The stated goals of CMU-OLI include:
• Support better learning and instruction with high-quality, scientifically-based, classroom-tested online courses and materials through courses that are designed based on learning science research and, in turn, contribute to that research.
• Share courses and materials openly and freely so that anyone can learn. Courses are designed to support the individual learner who does not have the benefit of an instructor.
• Develop a community of use, research, and development to allow for the continuous evaluation, improvement, and growth of courses and course materials.

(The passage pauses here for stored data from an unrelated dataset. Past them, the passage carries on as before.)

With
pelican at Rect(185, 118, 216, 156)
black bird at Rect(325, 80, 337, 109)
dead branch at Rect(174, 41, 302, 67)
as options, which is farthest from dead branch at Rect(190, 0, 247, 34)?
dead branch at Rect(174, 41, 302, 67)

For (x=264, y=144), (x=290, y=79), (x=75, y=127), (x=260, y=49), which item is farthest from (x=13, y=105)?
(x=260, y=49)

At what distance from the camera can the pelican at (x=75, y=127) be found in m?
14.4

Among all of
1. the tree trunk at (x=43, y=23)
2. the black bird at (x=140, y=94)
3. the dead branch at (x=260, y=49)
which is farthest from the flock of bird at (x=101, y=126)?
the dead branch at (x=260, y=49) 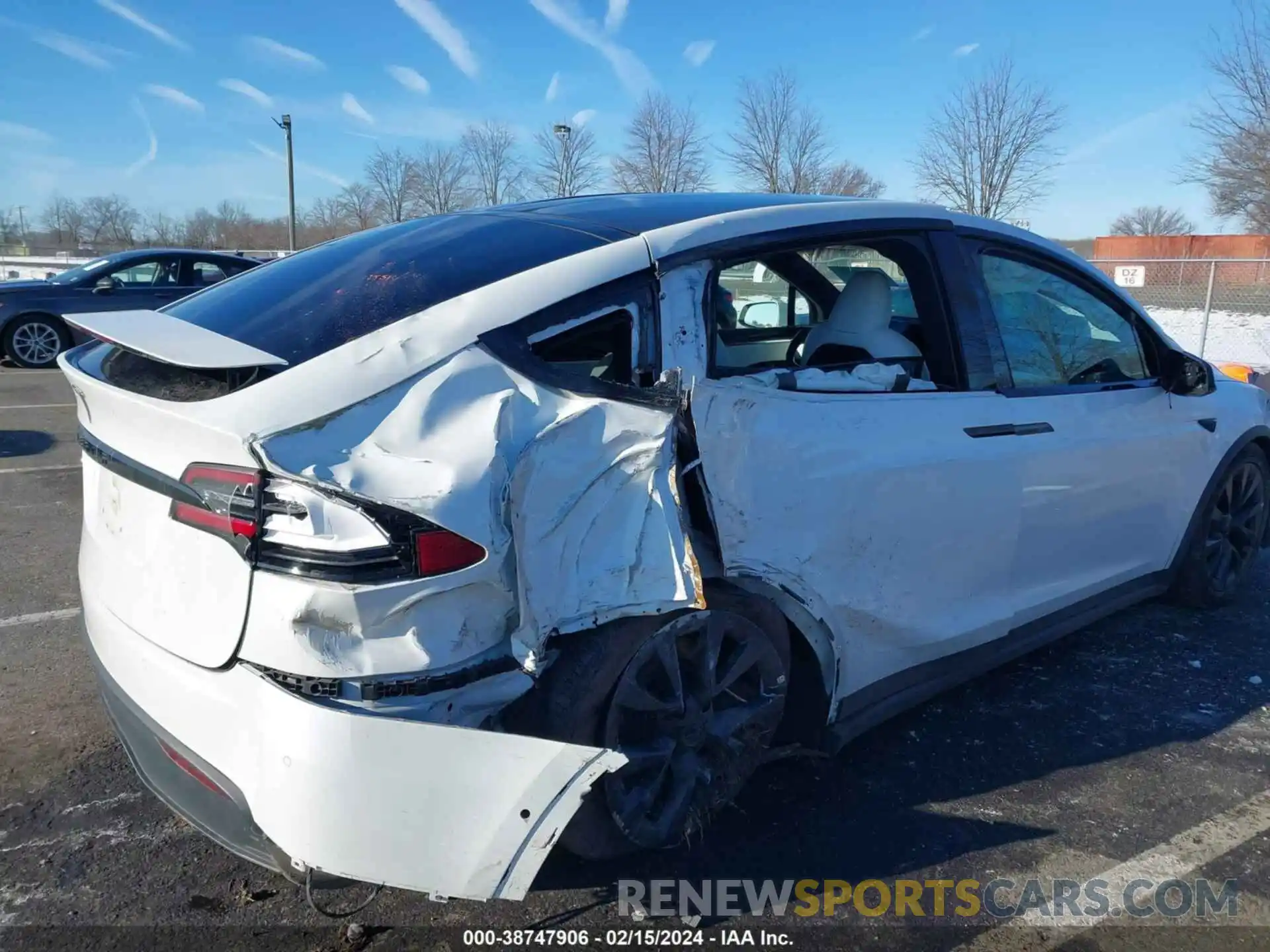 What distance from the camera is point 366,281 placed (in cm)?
260

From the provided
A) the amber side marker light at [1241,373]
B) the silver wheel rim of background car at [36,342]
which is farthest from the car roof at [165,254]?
the amber side marker light at [1241,373]

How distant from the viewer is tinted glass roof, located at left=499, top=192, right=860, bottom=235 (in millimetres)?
2816

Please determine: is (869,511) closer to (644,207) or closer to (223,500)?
(644,207)

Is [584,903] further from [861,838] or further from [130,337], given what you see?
[130,337]

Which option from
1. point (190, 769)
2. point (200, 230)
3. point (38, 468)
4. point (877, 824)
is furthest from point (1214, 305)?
point (200, 230)

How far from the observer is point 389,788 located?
197 centimetres

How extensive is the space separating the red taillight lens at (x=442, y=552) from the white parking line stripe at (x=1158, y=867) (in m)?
1.58

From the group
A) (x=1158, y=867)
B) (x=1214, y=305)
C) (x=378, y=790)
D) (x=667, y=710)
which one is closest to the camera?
(x=378, y=790)

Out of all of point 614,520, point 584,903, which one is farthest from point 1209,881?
point 614,520

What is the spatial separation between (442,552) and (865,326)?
2.08 meters

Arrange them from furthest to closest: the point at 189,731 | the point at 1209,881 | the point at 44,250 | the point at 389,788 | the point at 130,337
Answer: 1. the point at 44,250
2. the point at 1209,881
3. the point at 130,337
4. the point at 189,731
5. the point at 389,788

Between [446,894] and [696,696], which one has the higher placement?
[696,696]

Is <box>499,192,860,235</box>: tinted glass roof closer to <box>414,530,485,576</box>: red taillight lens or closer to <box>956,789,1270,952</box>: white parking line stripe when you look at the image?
<box>414,530,485,576</box>: red taillight lens

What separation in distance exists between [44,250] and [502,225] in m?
63.0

The course materials include self-paced, fully illustrated readings, embedded multimedia elements, practice activities, responsive ungraded self-assessment questions, and graded assessments.

As a formal program participant, five CW faculty members participated in a research project evaluating the benefit of using a suite of open source online materials developed by CMU in Statistics, Psychology, and Anatomy & Physiology. CW’s participation in the project continued through the Winter semester. Over 100 CW students participated in the project, all having agreed to do so as volunteer research subjects through CMU’s institutional review process. Students in selected CW Gateway Courses taught by the participating faculty were administered a CMU provided pre-test at the start of each course, were assigned to either experimental groups that utilized CMU-OLI materials in the classes or to control groups that did not, and were administered a CMU provided post-test at the end of each course. Researchers from Carnegie Mellon University are now evaluating the results provided by CW and the other participating colleges.

Several CW courses have been redesigned to make use of CMU-OLI resources, for example, the online ‘Human Biology’ course, eliminating the need entirely for a course textbook as a way to help reduce costs for students. The College will continue to adopt these materials systematically when available.

In these and many other ways, CW goes out of its way to help make college more affordable for students, embrace emerging technologies in ways that help students meet learning objectives, remediate successfully and without cost to students who need it, and partner with other higher education learning partners, such as Carnegie Mellon’s Open Learning Initiative.